Porting: SIMD

The work on making the code portable continues.

Way back when I first got an i7 CPU, I wrote a global illumination ray tracer that made really nice pictures while pushing the CPU to its limits. The math code for the ray tracer used the CPU’s SIMD instructions to perform the math operations more quickly, and I got very used to coding with them. The performance gain using them was fairly large.

For Banished I wanted to get started writing code and the game quickly – so I tended to use things I knew very well – everything from the choice of compiler, modeling tools, algorithms, and APIs. For math code (which is used by pretty much anything in the game that moves, animates, or is displayed in 3D) I chose to use the SIMD intrinsics.

That stands for Single Instruction, Multiple Data – meaning the instructions operate on more than one value at a time.

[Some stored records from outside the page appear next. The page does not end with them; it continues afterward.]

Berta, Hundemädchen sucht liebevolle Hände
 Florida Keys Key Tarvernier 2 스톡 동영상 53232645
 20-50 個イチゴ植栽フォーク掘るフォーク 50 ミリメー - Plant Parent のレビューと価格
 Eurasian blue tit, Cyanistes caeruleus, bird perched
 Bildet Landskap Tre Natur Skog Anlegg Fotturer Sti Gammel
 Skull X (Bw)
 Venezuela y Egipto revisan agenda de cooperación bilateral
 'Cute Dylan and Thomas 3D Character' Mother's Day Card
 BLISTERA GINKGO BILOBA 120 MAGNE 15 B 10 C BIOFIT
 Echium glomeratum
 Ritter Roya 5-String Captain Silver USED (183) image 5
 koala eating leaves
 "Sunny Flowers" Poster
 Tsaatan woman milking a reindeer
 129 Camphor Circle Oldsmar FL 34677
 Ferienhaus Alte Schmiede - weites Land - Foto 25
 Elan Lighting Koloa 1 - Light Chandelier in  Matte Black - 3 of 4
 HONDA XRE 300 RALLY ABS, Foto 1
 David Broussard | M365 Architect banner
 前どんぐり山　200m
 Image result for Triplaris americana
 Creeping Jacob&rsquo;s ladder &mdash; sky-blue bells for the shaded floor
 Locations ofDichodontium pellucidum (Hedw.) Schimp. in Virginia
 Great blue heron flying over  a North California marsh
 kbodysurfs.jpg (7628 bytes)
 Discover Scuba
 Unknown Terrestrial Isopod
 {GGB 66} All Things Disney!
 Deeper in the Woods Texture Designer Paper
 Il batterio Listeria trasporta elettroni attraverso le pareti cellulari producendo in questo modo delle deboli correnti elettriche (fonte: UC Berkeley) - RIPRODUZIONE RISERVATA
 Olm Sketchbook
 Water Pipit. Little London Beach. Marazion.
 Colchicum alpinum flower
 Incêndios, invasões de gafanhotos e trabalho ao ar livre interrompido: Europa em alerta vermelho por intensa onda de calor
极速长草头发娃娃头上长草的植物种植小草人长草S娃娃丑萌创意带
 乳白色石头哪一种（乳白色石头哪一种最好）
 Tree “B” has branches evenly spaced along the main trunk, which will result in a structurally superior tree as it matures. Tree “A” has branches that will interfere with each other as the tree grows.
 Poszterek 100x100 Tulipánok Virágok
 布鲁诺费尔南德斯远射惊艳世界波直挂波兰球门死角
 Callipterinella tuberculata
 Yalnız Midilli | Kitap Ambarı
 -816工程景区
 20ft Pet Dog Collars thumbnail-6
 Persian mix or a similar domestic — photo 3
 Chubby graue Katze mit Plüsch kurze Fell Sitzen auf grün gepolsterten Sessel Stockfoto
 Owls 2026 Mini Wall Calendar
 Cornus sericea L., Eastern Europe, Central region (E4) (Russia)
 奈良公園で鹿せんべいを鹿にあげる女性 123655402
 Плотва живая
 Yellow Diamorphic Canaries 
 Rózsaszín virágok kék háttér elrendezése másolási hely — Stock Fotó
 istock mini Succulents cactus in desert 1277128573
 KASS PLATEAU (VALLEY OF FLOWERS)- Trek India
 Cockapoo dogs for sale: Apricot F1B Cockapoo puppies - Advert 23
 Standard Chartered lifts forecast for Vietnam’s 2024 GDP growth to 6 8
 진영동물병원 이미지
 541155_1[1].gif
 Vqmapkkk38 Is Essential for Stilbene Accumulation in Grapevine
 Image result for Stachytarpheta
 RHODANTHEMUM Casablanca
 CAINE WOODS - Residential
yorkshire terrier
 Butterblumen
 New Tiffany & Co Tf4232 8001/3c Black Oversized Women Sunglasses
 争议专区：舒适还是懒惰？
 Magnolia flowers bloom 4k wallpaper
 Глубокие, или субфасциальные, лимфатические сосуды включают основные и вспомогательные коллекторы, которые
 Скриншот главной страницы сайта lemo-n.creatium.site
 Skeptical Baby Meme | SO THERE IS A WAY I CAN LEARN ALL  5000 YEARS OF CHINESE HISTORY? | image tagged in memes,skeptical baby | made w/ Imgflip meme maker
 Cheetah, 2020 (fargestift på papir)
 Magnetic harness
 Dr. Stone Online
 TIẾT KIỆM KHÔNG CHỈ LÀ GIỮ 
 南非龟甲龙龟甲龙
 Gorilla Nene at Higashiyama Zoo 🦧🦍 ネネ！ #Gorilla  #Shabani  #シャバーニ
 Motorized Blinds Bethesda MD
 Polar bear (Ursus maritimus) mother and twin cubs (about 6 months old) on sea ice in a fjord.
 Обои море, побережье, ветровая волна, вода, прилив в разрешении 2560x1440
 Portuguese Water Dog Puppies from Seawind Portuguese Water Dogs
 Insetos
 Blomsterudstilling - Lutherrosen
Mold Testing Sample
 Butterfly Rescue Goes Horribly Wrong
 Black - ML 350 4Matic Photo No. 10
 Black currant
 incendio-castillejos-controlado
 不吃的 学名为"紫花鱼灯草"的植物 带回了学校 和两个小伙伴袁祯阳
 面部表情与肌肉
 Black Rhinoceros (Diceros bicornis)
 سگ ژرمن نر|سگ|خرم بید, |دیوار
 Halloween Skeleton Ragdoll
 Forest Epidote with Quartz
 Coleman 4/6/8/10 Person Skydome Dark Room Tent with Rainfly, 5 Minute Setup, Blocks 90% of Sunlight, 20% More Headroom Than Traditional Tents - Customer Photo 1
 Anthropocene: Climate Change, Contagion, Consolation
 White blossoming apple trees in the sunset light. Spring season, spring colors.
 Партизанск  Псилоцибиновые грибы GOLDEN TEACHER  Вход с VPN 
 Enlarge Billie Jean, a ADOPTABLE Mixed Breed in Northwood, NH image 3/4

For example the single instruction:

c = _mm_add_ps(a, b);

would be the same as doing 4 additions:

c.x = a.x + b.x;
c.y = a.y + b.y;
c.z = a.z + b.z;
c.w = a.w + b.w;

If all goes well, I should be able to compile on OSX and Linux using the same SIMD instructions, as I’ll still be targeting Intel/AMD CPUs. But just in case it doesn’t work or compile, or more importantly, if I port to a platform without those intrinsics, I’d like the code to be ready.

In writing the SIMD code, I didn’t keep any sort of portable C++ version around. Which is not so good. Having the C code for reference material is nice. Especially for something that’s been optimized to be fast and is no longer easily readable – or some equation that was hard to derive and that scrap of paper got thrown away…

The porting process is pretty easy. Most SIMD code just performs 4 operations at once, so in plain C++ code, all the operations are generally written out explicitly.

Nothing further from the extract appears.